#290 - Spammer database
| Identifier | #290 |
|---|---|
| Issue type | Feature request or suggestion |
| Title | Spammer database |
| Status | Completed |
| Handling member | Chris Graham |
| Addon | core |
| Description | Lookup IPs/browsers in a spammer database and block from posting accordingly. |
| Steps to reproduce | |
| Funded? | No |
The system will post a comment when this issue is modified (e.g., status changes). To be notified of this, click "Enable comment notifications".


Comments
A better spam filter would be needed for post submission checking. Perhaps something that would allow admins to enter the new word violation directly from the post.
The mod I used on the old SMF allowed you to check any/all members against the database at anytime and at registration time.
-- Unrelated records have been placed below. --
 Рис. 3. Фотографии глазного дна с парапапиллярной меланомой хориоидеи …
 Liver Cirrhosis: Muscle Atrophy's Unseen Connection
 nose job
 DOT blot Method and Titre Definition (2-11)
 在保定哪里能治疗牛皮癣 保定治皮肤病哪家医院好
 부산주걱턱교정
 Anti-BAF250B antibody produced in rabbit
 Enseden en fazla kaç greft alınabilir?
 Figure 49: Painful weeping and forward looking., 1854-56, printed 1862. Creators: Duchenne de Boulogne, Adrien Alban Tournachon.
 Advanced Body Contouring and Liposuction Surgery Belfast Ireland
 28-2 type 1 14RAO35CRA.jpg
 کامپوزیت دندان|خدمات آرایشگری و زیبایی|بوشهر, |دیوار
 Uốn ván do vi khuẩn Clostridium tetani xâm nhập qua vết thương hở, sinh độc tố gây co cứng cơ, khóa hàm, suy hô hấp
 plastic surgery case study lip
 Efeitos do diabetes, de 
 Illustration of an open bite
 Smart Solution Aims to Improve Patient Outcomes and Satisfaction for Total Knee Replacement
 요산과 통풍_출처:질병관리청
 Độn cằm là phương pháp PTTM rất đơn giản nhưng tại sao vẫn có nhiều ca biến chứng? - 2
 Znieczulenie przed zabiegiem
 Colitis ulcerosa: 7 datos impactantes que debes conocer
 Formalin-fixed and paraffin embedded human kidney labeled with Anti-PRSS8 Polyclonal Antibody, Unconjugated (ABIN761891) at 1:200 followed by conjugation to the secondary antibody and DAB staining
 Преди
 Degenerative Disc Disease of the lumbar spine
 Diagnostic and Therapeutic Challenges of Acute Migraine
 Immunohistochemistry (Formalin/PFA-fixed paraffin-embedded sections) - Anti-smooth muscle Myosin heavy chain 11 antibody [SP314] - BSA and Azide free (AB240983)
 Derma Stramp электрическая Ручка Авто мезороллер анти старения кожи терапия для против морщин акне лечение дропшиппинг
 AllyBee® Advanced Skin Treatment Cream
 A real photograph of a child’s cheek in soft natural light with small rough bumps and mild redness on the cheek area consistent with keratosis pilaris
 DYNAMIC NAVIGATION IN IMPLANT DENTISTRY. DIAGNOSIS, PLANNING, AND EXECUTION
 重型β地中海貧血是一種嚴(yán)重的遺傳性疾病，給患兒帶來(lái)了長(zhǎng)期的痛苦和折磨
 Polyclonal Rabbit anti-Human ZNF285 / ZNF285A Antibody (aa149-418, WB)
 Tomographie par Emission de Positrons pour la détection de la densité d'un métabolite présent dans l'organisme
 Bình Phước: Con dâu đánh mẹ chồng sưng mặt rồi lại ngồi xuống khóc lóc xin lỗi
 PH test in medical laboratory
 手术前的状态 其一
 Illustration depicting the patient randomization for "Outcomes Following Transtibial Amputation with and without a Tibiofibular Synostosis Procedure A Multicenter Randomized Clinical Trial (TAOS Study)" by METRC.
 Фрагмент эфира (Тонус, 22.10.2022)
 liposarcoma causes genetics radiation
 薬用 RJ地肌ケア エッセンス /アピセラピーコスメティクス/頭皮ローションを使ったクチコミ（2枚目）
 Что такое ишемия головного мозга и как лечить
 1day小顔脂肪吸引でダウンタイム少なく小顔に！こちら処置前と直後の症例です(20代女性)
or a other services. that will auto look up ISP/IP/and if they are spammers or not.. in this module it will also have block for sign up with captcha that will auto match with there real IP and not proxy IP... this can or will help to save you time... it will also stop from the posting on your site and forums and there Sig.. please note that maxmind is not free.. but they do have free sign up to get you started. any questions?
I think it would be worthwhile seeing if you could build this service based on Project Honeypot with the possible inclusion of a honeypot to catch and report spammers back to the project. They have fairly demanding requirements to work with them (in order to protect their assets) but it might be worth looking into.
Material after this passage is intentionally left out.